Work instruction -> Leaving out every picture, copy the lines of the material below exactly, from the line containing "Powerade - VFX" through the line containing "dodge journey se 2014 3c4pdcab7et227474".

Data provided ->
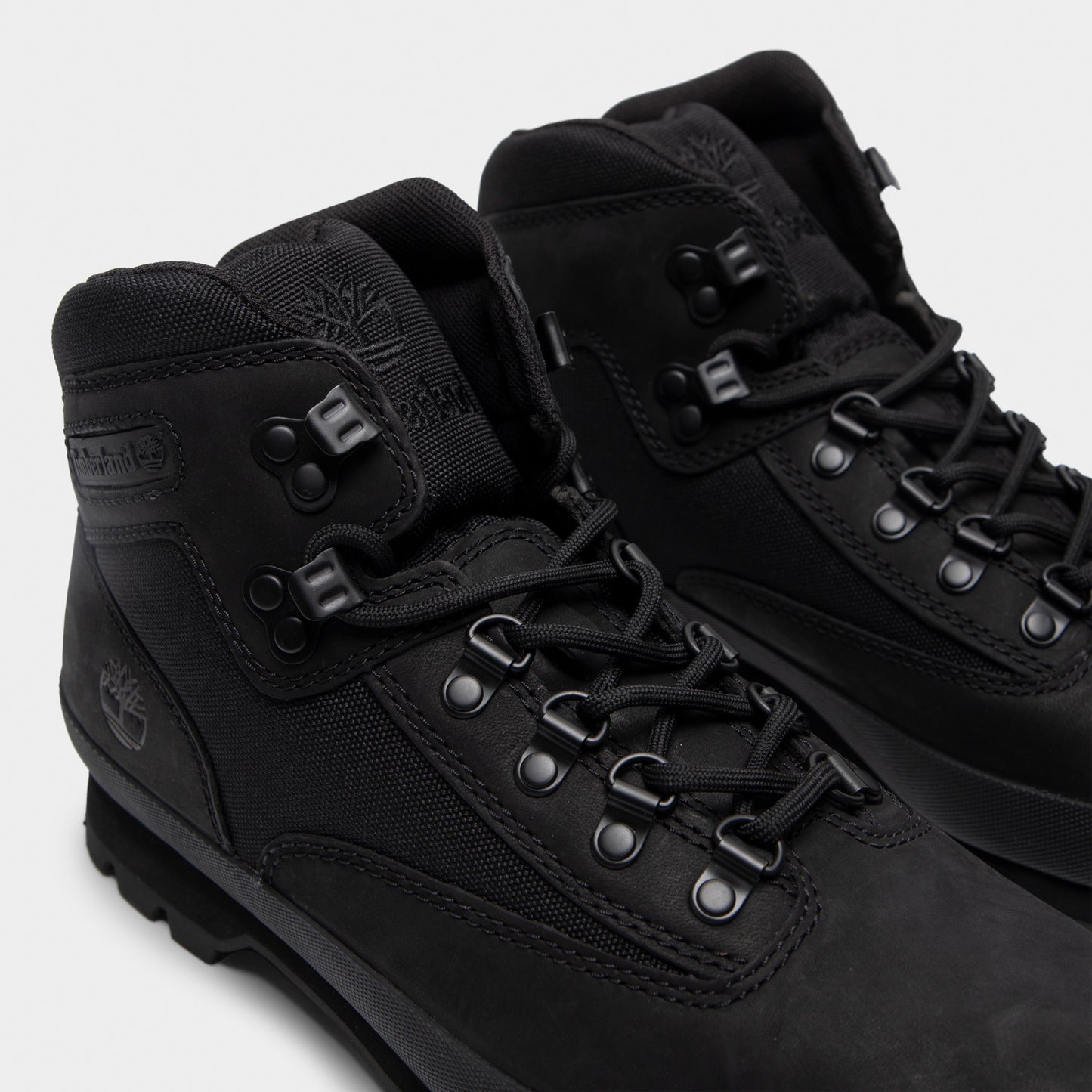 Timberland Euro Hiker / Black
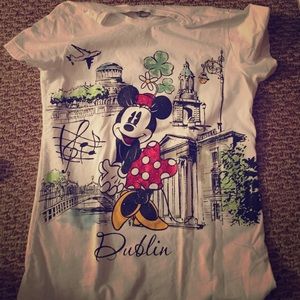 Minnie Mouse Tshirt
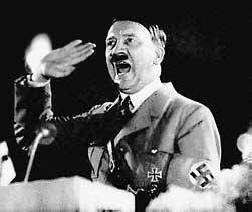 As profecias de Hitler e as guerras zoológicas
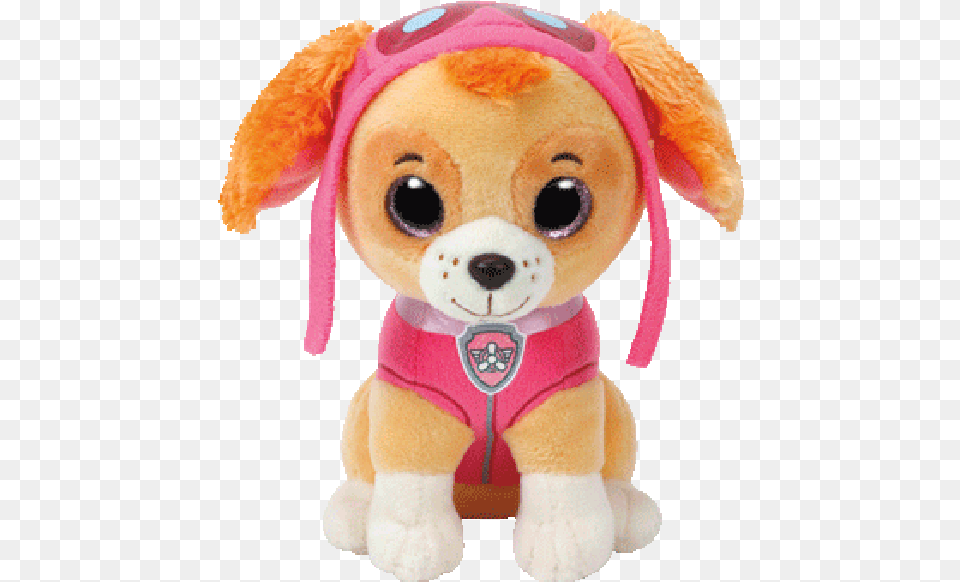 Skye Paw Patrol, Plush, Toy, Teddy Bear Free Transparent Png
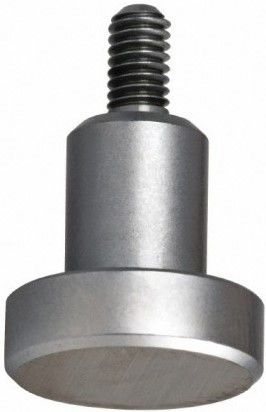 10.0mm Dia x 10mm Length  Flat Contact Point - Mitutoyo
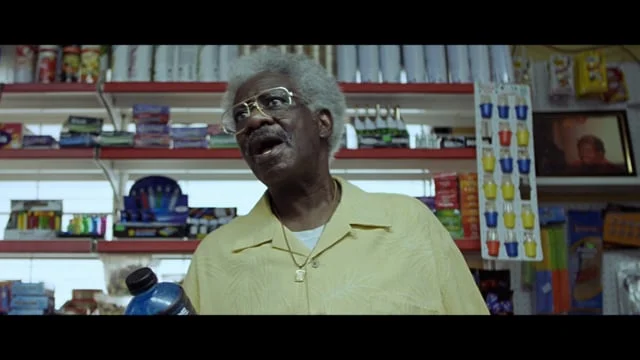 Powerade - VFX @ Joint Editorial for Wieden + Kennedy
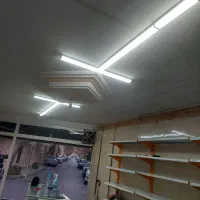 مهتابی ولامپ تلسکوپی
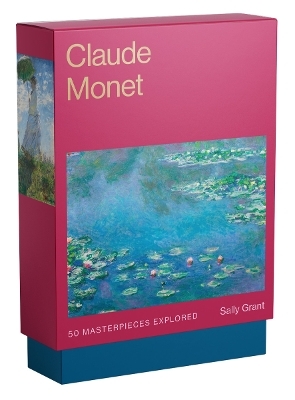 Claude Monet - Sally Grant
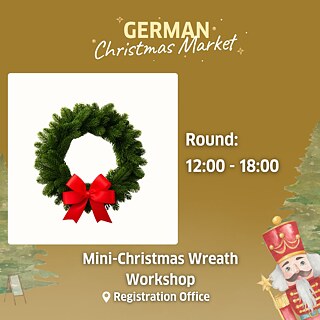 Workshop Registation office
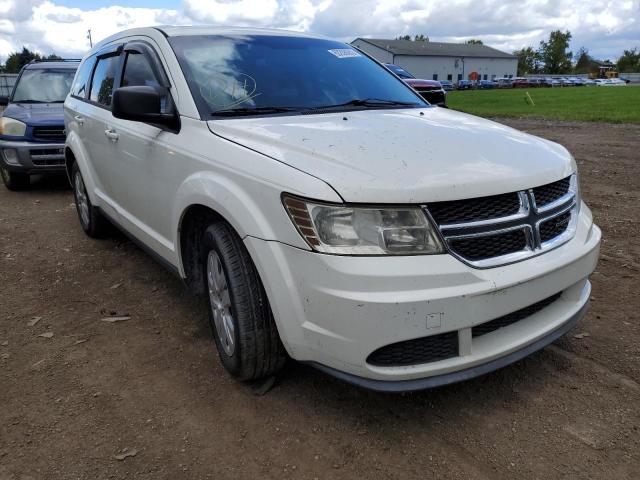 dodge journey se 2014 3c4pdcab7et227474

...

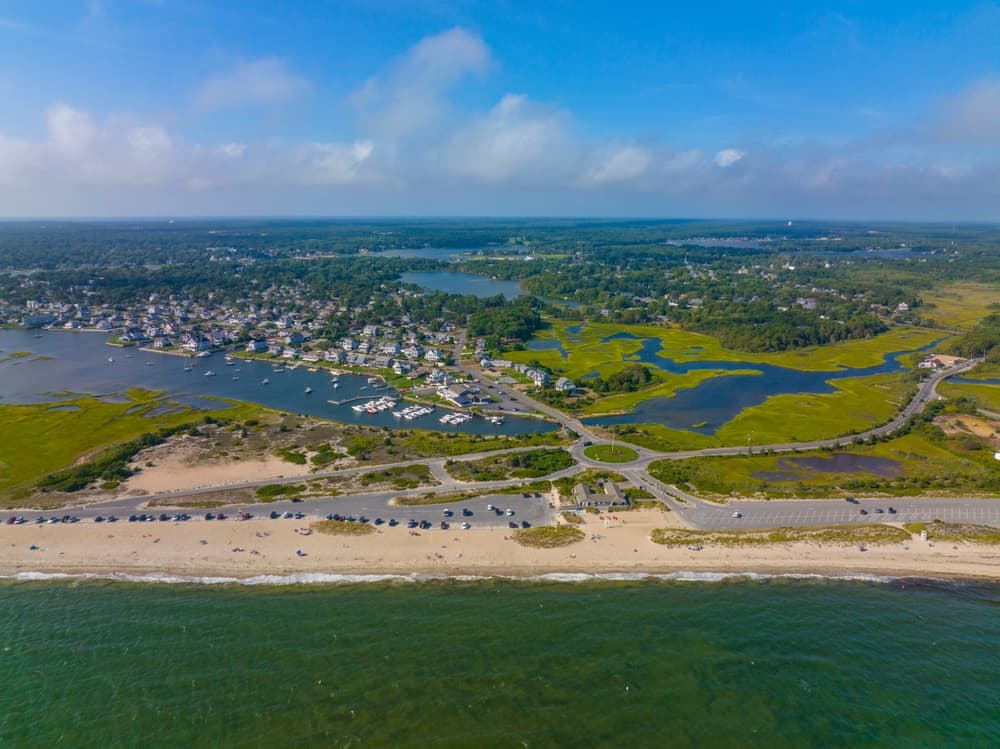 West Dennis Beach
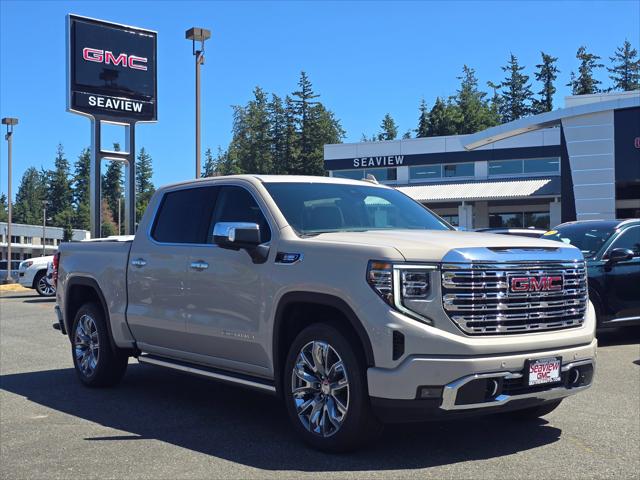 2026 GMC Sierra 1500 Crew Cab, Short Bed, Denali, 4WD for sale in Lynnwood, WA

Solution to this task ->
 Powerade - VFX @ Joint Editorial for Wieden + Kennedy
 مهتابی ولامپ تلسکوپی
 Claude Monet - Sally Grant
 Workshop Registation office
 dodge journey se 2014 3c4pdcab7et227474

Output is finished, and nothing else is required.